A: I LIKE how you understood “seeing one’s soul” as being helpful for one’s life, because I think that is the answer to your question.

Although art is not therapy, I think acting it is a very productive way to discover oneself.

When we are working, we need to deal with how we truly feel about things – not how we rationalize them. For example, once I was working with the circumstance of getting promoted at work – and it made me cry (not happy tears). I mean, of course I knew I was not happy, but having such a reaction forced me to actually do something about it. The realisation that I was still in love with someone made me apologize. It still did not work out, but at least now I can live knowing that I did something about it.

Acting is also a great means of letting go. All the grief, pain and rage we feel has a place to come out, to be expressed, so we do not have to keep it repressed inside of us forever. If something bad happens in my life and I do not have a play going on, I go home as soon as I can and do some movement work (Lloyd Williamson technique) and move to my pain and express it.
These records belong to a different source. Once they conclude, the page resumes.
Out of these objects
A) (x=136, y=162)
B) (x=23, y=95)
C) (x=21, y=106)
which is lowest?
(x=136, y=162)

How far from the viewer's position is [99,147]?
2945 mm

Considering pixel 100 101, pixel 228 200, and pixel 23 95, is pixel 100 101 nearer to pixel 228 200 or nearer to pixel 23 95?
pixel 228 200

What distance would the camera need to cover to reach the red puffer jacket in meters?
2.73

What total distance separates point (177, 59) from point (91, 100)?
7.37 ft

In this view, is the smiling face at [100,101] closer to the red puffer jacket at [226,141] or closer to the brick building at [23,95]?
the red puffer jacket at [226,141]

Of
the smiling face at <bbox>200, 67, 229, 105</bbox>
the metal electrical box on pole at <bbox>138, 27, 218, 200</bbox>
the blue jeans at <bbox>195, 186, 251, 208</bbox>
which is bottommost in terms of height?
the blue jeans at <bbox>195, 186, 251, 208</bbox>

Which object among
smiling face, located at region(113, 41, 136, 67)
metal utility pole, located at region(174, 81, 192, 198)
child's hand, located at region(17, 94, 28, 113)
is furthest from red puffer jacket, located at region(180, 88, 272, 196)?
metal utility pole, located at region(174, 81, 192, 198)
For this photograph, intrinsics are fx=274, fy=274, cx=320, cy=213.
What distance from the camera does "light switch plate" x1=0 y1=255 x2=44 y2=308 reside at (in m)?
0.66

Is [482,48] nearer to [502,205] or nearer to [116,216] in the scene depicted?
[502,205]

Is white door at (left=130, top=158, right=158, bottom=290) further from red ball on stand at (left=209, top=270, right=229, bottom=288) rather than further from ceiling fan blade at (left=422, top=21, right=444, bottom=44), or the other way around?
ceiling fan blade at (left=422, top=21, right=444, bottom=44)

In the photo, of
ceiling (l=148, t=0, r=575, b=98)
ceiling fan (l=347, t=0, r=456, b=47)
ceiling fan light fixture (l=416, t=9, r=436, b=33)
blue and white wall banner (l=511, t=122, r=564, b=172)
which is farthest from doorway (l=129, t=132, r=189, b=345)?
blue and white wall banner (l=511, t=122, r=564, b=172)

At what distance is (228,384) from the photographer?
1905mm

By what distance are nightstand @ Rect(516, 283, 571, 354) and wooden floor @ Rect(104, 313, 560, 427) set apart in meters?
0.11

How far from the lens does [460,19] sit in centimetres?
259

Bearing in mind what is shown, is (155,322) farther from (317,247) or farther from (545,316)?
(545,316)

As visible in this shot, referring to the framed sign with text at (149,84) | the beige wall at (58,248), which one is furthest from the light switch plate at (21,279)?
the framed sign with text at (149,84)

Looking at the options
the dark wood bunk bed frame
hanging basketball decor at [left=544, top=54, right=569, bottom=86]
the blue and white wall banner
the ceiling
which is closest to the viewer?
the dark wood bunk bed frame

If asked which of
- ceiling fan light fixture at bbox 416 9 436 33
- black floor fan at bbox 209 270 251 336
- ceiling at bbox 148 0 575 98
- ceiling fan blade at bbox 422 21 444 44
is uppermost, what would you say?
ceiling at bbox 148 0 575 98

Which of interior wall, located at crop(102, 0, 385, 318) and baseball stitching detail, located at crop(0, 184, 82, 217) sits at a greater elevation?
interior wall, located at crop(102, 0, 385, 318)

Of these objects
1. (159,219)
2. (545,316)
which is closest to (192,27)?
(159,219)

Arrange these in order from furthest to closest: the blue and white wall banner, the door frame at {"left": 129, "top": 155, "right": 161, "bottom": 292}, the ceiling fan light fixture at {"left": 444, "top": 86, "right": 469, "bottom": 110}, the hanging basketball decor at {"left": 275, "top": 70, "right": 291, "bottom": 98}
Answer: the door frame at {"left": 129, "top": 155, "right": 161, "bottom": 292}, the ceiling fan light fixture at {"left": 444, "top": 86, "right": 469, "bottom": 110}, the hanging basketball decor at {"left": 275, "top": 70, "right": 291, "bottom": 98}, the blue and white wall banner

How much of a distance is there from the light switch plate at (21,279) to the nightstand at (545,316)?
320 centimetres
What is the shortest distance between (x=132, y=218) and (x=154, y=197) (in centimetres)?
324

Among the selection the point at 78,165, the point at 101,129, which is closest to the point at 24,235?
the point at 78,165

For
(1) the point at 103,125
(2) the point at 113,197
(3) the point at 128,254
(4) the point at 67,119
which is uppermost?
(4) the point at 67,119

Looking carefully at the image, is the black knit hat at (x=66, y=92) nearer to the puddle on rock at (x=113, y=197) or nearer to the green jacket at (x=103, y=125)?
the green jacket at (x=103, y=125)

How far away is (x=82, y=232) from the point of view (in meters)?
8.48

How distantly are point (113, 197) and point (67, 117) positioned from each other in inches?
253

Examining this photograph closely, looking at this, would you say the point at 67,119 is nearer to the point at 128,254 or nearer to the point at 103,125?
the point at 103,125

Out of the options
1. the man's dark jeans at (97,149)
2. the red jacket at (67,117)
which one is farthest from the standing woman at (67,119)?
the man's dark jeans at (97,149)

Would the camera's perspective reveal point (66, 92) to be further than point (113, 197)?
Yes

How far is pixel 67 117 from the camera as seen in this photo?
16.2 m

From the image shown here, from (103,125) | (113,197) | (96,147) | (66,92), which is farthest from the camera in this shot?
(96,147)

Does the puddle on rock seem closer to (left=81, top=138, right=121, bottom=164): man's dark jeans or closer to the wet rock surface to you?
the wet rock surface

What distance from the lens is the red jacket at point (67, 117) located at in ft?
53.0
Even though it does not take the problem away, I am more physically prepared and emotionally relaxed to deal with the problem in a better way. I mean, movement work is not made to fix your issues, but since it has a healthy side effect, why not use it.
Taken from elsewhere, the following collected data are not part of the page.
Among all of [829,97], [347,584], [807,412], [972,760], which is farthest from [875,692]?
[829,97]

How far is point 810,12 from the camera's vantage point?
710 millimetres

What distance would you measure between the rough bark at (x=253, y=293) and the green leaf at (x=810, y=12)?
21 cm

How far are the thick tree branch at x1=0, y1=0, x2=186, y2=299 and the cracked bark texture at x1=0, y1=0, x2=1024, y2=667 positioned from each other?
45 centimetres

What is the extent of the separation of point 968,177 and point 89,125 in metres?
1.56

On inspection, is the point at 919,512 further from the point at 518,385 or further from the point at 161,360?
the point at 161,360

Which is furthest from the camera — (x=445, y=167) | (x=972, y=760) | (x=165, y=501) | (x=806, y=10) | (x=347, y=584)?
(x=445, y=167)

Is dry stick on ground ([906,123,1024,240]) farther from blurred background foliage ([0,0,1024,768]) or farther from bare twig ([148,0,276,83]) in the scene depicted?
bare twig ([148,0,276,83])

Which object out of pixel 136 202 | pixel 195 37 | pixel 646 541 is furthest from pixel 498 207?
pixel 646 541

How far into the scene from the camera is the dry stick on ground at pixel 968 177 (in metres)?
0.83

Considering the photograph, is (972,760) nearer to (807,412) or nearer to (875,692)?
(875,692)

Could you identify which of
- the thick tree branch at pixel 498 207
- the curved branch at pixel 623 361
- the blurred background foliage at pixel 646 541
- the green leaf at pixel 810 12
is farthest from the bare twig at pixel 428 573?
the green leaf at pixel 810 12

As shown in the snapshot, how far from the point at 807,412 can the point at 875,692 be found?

Also practicing character work and working off of people’s emotional behaviour basically trains you in empathy, because you practice seeing the world though a different point of view and become more sensitive to other people’s pain. And I think empathy is something the world needs more of right now.

Q: Can you talk about what attracted you to acting and why it continues to be your passion?

A: MAYBE a need to understand what is going on inside of other people? Maybe a desire to connect with them?

It is hard for me to say because I was quite young. When I was 2 years old and I was living here in Japan, an agent saw me in the street (what a cliché, right?) and asked my mom to take me to an audition. I did not like the child modelling thing, but I loved performing.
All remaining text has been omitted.